Quand Dracula tète la carotide avec ses dents pointues et qu'il apporte des rats avec lui pour singe
Bon, oui, le film a des défauts : Reinfield, le "disciple" fou, est insupportable avec son rire mitraillé ; la scène du repas à l'auberge est invraisemblable et ridicule (taper sur la table pour un repas, on y croit pas, surtout que Ganz dit sa réplique calmement, ce qui est assez décalé par rapport à l'empressement que suppose le geste ‒ les gitans qui se retournent comme un bloc et qui regarde Harker sont pas crédibles non plus et l'aubergiste, bah, on dirait un robot), mais bon, elle est encore pire dans La symphonie de l'horreur ; Adjani surjoue quand elle a peur, mais on dirait la fille dans The Shining à cause de ses grands yeux sauf qu'elle est plus belle et voilà, j'aime son air de petit chat terrorisé quand même et puis elle rend hommage au cinéma muet ; et la longue phrase continue.
CELA ÉTANT DIT, les acteurs sont solides (sauf exceptions). Ganz rend super bien Harker quand il est malade et le comte Dracula de Kinski est monumental : avec lui, Herzog fait le pari de présenter un Nosferatu plus romantique qu'effrayant (ce que le film est pas, mais l'original non plus, même si le comte Dracula de 1922 a de la gueule ‒ celui de Kinski aussi, cela dit). Dracula a l'air déprimé (ce que la prosodie de Kinski rend très bien en allemand comme en anglais, peut-être même mieux en anglais parce que sa voix traîne et hésite ‒ c'est le seul point fort de cette version-là selon moi), fatigué de l'immortalité et puis il est autant fasciné qu'effrayé par Lucy : quand il la mord, on dirait un bébé qui tète (le son qu'on entend est comique aussi) et son expression quand elle le retient est tellement drôle dans son mélange de passivité pleine de désir et de peur. Bref, un vampire drôle dans ce qu'il a de désespéré, de dégoûté, d'innocent et d'impressionnable. Adjani est la plupart du temps assez bonne, toute en retenue qu'elle est. Elle pleure bien et puis elle est jolie aussi. Ses coiffures le sont moins, mais bon, lalala.

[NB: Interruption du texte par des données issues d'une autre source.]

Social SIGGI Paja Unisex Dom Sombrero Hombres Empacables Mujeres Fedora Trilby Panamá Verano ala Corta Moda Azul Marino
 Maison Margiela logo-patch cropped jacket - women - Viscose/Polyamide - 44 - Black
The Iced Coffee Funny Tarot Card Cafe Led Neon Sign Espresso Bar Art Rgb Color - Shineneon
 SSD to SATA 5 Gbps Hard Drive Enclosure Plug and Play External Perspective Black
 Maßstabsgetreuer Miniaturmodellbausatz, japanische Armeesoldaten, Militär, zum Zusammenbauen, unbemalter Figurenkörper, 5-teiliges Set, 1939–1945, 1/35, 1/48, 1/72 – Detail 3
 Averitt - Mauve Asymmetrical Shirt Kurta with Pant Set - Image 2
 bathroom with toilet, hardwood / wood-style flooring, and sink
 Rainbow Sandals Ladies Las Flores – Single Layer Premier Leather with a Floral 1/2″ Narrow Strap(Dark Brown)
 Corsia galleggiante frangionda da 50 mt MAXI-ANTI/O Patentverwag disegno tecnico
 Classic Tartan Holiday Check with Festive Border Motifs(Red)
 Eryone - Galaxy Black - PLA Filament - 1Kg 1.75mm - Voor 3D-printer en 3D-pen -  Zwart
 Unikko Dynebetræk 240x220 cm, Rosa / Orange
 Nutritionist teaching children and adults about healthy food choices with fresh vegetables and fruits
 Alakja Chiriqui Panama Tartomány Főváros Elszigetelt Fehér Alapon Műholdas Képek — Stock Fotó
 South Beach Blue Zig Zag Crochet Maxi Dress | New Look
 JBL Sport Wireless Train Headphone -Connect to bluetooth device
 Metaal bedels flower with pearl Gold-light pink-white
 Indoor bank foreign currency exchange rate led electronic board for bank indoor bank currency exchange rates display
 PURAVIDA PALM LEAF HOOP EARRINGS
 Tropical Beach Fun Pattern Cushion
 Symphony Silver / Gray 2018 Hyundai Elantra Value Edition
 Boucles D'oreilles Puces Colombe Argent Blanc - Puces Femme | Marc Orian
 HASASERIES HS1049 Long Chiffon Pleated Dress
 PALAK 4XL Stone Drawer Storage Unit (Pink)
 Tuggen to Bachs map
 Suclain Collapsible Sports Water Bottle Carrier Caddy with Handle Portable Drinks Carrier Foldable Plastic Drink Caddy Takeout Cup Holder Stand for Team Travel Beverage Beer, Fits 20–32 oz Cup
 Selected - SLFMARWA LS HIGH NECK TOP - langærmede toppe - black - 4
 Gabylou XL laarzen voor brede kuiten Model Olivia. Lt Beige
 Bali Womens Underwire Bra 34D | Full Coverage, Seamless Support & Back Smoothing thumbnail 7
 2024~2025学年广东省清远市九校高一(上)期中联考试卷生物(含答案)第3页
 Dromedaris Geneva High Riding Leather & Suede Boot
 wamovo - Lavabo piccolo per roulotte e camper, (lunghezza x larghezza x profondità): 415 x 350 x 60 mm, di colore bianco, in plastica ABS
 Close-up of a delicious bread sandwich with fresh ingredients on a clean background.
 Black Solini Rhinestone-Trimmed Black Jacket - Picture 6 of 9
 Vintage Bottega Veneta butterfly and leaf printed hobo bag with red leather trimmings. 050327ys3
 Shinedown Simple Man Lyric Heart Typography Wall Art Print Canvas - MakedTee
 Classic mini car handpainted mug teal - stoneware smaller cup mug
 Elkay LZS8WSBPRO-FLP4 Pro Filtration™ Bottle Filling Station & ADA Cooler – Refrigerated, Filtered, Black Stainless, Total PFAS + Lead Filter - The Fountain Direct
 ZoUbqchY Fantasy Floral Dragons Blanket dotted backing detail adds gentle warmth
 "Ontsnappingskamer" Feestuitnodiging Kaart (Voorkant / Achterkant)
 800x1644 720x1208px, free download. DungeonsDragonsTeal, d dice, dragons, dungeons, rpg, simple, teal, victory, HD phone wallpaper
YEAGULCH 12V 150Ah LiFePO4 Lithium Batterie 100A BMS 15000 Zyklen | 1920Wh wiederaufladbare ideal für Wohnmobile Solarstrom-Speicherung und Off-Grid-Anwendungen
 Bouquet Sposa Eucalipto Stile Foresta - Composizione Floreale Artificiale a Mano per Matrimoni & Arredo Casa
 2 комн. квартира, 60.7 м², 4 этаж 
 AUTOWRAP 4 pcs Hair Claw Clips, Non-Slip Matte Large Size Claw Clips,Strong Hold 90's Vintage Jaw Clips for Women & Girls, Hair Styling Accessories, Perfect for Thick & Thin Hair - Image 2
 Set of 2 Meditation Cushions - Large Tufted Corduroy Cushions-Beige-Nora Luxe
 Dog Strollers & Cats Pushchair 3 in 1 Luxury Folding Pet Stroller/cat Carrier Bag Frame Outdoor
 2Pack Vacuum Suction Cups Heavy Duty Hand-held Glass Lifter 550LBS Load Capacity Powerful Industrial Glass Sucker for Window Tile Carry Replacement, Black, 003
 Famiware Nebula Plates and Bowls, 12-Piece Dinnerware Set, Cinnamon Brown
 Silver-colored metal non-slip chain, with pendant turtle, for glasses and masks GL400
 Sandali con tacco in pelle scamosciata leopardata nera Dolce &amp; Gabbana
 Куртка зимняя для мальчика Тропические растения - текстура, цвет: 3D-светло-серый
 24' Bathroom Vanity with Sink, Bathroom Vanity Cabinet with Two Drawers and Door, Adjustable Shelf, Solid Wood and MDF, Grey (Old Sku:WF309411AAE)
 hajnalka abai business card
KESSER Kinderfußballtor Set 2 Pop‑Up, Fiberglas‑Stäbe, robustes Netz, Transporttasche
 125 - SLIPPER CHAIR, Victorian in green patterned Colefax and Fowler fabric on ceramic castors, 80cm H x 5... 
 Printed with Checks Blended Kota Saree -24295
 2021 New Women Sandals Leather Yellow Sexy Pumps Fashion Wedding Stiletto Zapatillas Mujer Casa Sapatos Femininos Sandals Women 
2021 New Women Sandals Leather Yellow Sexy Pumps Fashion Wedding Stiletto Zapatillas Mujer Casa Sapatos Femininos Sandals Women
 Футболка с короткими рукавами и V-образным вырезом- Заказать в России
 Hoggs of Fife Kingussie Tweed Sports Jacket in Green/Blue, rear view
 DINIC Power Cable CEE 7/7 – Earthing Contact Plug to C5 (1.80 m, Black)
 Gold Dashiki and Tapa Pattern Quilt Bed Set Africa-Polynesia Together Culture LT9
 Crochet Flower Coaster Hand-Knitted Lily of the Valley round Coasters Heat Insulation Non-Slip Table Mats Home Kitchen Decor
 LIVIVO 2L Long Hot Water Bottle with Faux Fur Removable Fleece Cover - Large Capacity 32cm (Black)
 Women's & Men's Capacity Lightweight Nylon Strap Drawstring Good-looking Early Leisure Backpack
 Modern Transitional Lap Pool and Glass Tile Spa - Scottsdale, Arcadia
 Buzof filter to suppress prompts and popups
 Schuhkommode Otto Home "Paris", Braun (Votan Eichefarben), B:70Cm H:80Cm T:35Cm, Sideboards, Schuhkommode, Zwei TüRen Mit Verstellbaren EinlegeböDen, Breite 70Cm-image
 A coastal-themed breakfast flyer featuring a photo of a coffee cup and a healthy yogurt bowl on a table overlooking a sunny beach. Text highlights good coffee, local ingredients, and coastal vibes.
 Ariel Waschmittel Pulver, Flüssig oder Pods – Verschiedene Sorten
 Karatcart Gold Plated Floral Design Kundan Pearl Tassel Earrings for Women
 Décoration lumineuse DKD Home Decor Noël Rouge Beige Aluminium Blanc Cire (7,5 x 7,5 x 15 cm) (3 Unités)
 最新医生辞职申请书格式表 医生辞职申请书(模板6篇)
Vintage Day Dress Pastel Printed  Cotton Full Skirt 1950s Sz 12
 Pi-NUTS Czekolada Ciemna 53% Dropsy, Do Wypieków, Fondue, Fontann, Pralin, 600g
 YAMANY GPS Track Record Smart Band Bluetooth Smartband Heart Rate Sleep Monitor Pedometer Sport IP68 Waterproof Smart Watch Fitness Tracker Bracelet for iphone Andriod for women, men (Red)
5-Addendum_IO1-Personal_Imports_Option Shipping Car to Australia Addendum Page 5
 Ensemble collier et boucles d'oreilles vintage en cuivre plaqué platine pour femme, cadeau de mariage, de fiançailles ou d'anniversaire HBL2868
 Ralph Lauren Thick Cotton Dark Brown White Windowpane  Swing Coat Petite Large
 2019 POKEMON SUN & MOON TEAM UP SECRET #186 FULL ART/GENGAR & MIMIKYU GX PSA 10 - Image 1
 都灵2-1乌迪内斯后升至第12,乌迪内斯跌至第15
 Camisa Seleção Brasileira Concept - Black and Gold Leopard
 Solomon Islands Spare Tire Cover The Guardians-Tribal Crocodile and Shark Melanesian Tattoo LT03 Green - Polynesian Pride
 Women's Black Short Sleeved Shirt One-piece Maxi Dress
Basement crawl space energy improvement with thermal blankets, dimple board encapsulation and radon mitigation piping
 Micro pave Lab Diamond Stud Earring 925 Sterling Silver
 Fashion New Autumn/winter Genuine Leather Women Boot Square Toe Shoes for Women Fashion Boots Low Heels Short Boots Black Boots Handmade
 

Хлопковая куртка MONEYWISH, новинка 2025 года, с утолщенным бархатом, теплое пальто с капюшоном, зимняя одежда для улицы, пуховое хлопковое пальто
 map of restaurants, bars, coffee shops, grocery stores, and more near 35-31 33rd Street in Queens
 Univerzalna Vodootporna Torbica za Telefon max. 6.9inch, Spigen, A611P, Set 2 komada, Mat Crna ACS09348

Je peux pas non plus passer sous silence l'humour que le film contient. Il est parsemé çà et là de moments qui font sourire ou même franchement rire. C'est pas une des caractéristiques principales du truc, mais on s'en fout, c'est un plus. Puis bon, la musique est très bien aussi : ambiante et juste bonne.
Enfin, le Nosferatu d'Herzog me plaît davantage que celui de Murnau. Le scénario est beaucoup mieux que celui de l'original, moins linéaire, plus dynamique ; les acteurs ont pas l'air de pantins non plus (dans l'original, le jeu est ultra caricatural, même si je comprends que c'était nécessaire) et puis bon, Dracula est beaucoup plus intéressant dans Le fantôme de la nuit. Ah, et la fin.
Une dernière chose : il faut regarder le film en allemand. IL LE FAUT.